Tages-Anzeiger: Wanderarbeiter flüchten aus Peking. Die Sars-Epidemie verbreitet Panik in der chinesischen Hauptstadt.

In Peking breitet sich Angst aus. Chinas Behörden scheinen die Versäumnisse der letzten Monate mit verschärftem Galopp wieder ausbügeln zu wollen; gleichzeitig warnte die Weltgesundheitsorganisation (WHO) am Mittwoch vor Reisen nach Toronto, Peking und in die chinesische Provinz Shanxi (siehe Kasten).

Alle Schulen geschlossen

In Chinas Hauptstadt werden zur Vorbeugung alle Schulen geschlossen, gleichzeitig sind nach der «Pekinger Morgenpost» auf den Strassen der Stadt Inspektoren unterwegs, die bei Verdacht auf Sars-Infektion Leute in Quarantäne bringen sollen.

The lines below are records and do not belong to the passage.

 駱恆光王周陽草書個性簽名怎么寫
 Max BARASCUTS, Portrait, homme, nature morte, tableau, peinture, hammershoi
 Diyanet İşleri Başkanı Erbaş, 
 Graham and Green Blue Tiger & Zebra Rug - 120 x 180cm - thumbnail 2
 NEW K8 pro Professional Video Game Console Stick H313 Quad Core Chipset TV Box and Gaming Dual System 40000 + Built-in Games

Die Erziehungsbehörden der Stadt gaben am Mittwoch bekannt, dass Pekings 1,7 Millionen Schüler die nächsten zwei Wochen bis zum 7. Mai zu Hause bleiben sollen. Am selben Tag teilte die Regierung mit, in Peking seien mittlerweile 35 Menschen an Sars gestorben und fast 700 infiziert – 20- mal so viele, wie noch vor einer Woche behauptet worden war. China hat nun weltweit die meisten Todesopfer zu beklagen; im ganzen Land waren es bis Mittwoch 106, in der schwer betroffenen Stadt Hongkong 105.

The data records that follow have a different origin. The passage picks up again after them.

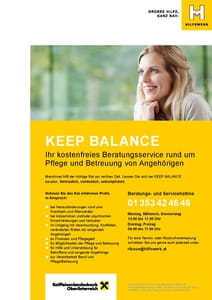 Keep Balance - Ihr kostenfreies Beratungsservice rund um Pflege und Betreuung von Angehörigen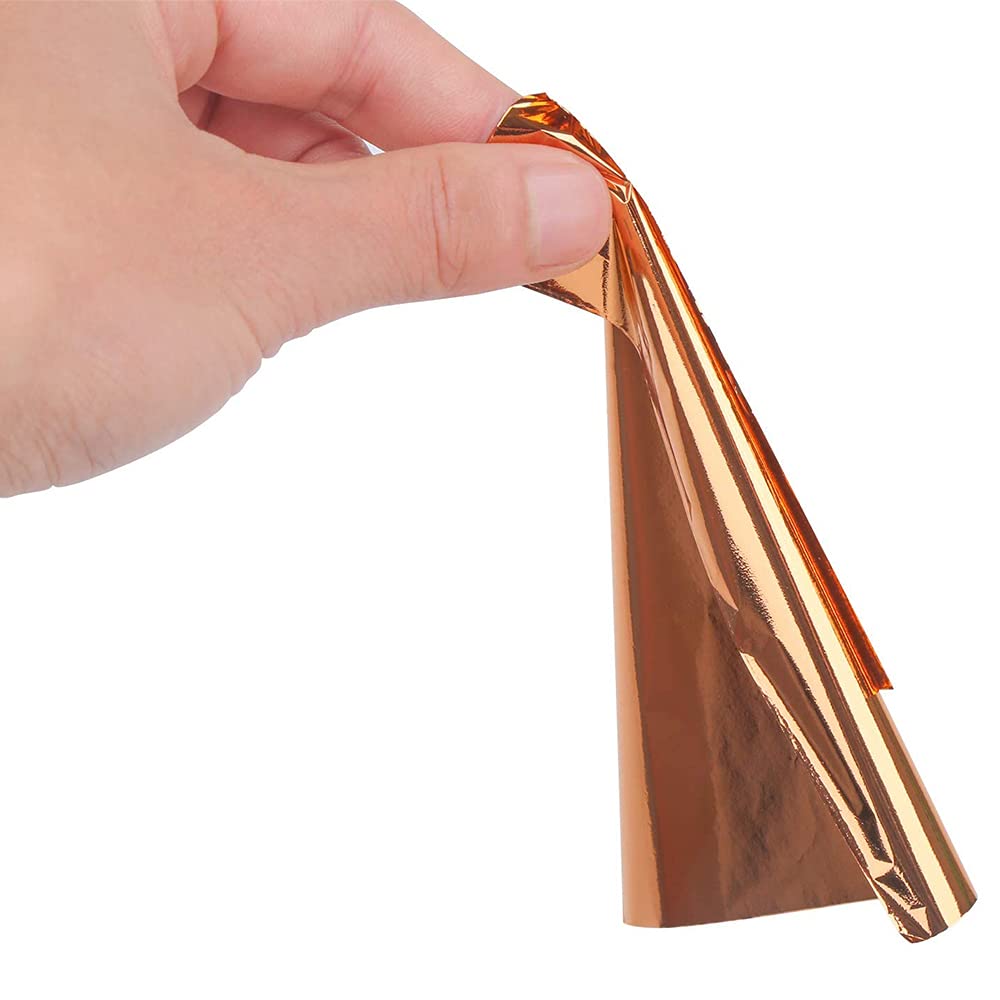 Fogli Lamina D'Oro Rosa 100 Pezzi - 14x14 Cm, Imitazione, Per Decorazione E Doratura - Foto 10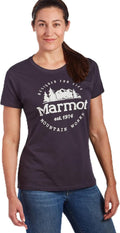 MARMOT Women's Logo T-Shirts - Printed Graphic on Cotton Tee T-Shirt | Premium Quality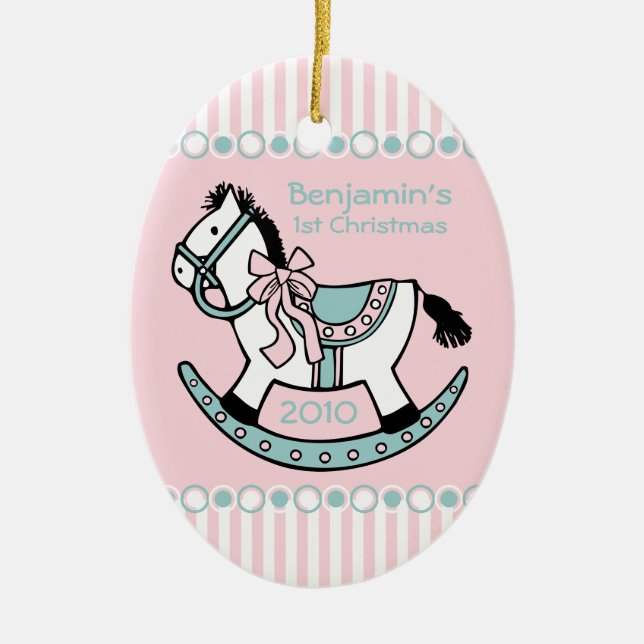 Rocking Horse Personalised Ornament (Front)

Viele Bürger reagieren mit neuer Furcht, seit die Regierung am Wochenende den Gesundheitsminister entliess, Offenheit versprach und gelobte, mit aller Kraft gegen die Ausbreitung des Virus zu kämpfen, weil sonst eine «Katastrophe» drohe. Gerüchte, die Hauptstadt solle abgeriegelt werden, sind so weit verbreitet, dass sich die Regierung am Mittwoch auf verschiedenen Webseiten zu einem Dementi genötigt sah. Manche Wohnblocks lassen Putzfrauen, Handwerker und Briefträger nicht mehr aufs Gelände; Wanderarbeiter und andere Auswärtige versuchen, die Stadt so schnell wie möglich zu verlassen. Ein Heer von Menschen wartete gestern Morgen vor dem Pekinger Hauptbahnhof, in der Hoffnung, noch eine Fahrt in die Heimat zu ergattern. Fast alle trugen Atemschutzmasken.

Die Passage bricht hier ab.